When frozen in the present, the mise-en-scène discloses a community of miserably underemployed people, caught among a ramshackle state machine, a nascent Islamism, and the claims of competing nationalist minorities. A troupe of quasi-Brechtian traveling players is in town, and it enacts a “play within a play,” in which the bitter violence of the region is translated with shocking effect directly onto the stage. Drawn into the social and religious conflict, Ka seems to alternate between visions of “snow” in its macrocosmic form—the chilly and hostile masses—and its microcosmic: the individual beauty and uniqueness of each flake. Along the scrutinized axes that every flake manifests he rediscovers his vocation and inspiration as a poet and arranges a cycle of verses. This collection is lost when, on his return to Frankfurt, he is shot down in a street of the red-light district.

In terms of characterization the novel is disappointing, precisely because its figures lack the crystalline integrity of individuals. Ipek, for example, appears on almost every page yet is barely allowed any
quality other than her allegedly wondrous beauty. The protagonists speak their lines as Islamists, secularists, conformists, and opportunists. And the author leaves no room for doubt that he finds the Islamists the most persuasive and courageous. This is true in spite of the utter nonsense that he makes them spout. A couple of Muslim boys corner Ka and demand that he answer this question, about a dead girl he never met:

Now we'd like to know if you could do us both a favor. The thing is, we can both accept that Teslime might have been driven to the sin of suicide by the pressures from her parents and the state. It's very painful; Fazil can't stop thinking that the girl he loved committed the sin of suicide. But if Teslime was a secret atheist like the one in the story, if she was one of those unlucky souls who don't even know that they are atheists, or if she committed suicide because she was an atheist, for Fazil this is a catastrophe: It means he was in love with an atheist.

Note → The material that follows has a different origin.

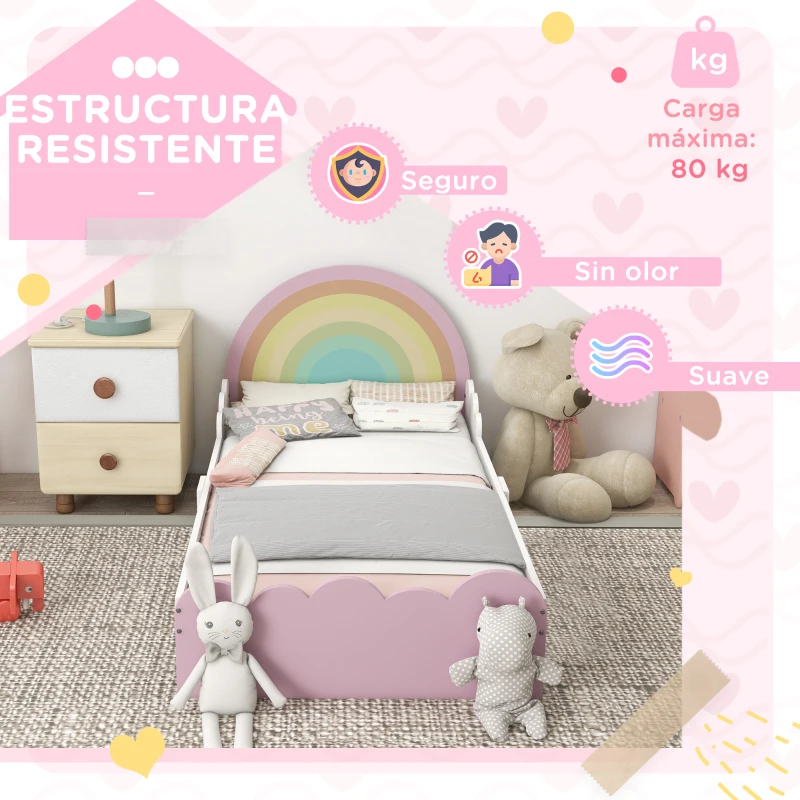 ZONEKIZ Cama Infantil de Madera 143x74x66 cm en Forma de Arcoíris Mueble de Dormitorio Moderno Carga 80 kg Rosa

I should caution the potential reader that a great deal of the dialogue is as lengthy and stilted as that, even if in this instance the self-imposed predicaments of the pious, along with their awful self-pitying solipsism, are captured fairly well. So is the superiority/inferiority complex of many provincial Turks—almost masochistic when it comes to detailing their own woes, yet intensely resentful of any “outside” sympathy. Most faithfully rendered, however, is the pervading sense that secularism has been, or is being, rapidly nullified by diminishing returns. The acting troupe is run by a vain old Kemalist mountebank named Sunay Zaim, who once fancied himself an Atatürk look-alike, and his equally decrepit and posturing lady friend. The army and the police use torture as a matter of course to hang on to power. Their few civilian supporters are represented as diseased old ex-Stalinists whose leader—one Z. Demirkol, not further named—could have leapt from the pages of Soviet agitprop. These forces take advantage of the snowstorm to mount a coup in Kars and impose their own arbitrary
will, though it is never explained why they do this or how they can hope to get away with it.